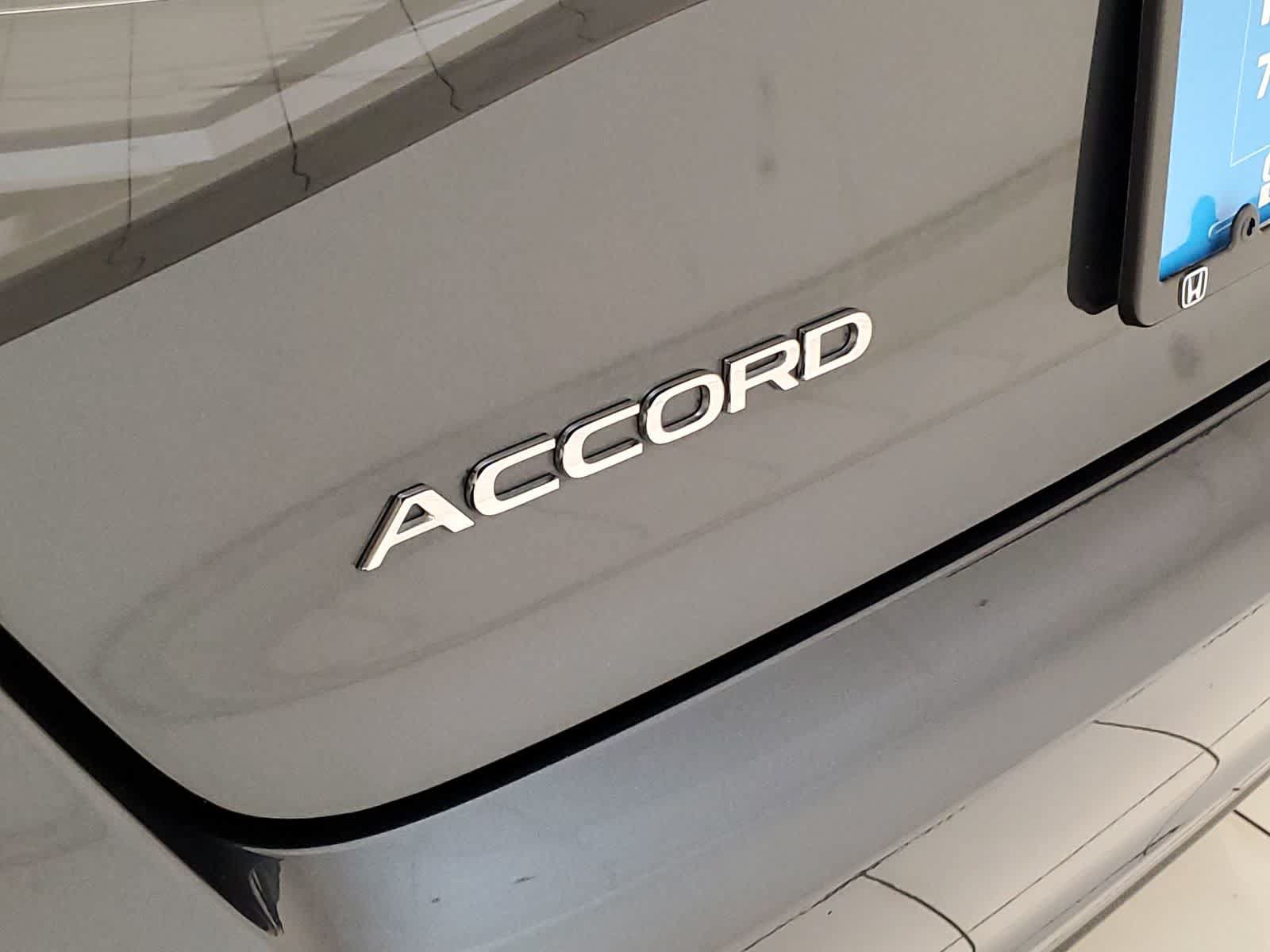 Used 2025 Honda Accord SE image 21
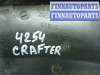 купить Накладка переднего левого крыла на Volkswagen Crafter I (2E) 2006 - 2011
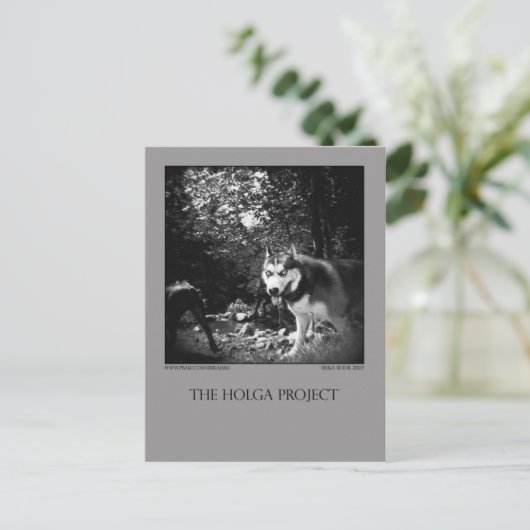 はがき10 ポストカード (スタンド正面)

++++++++

### Work instruction
The task requires the full listing to be given again verbatim, without its pictures.

### Your solution
 Used 2025 Honda Accord SE image 21
 купить Накладка переднего левого крыла на Volkswagen Crafter I (2E) 2006 - 2011
 はがき10 ポストカード (スタンド正面)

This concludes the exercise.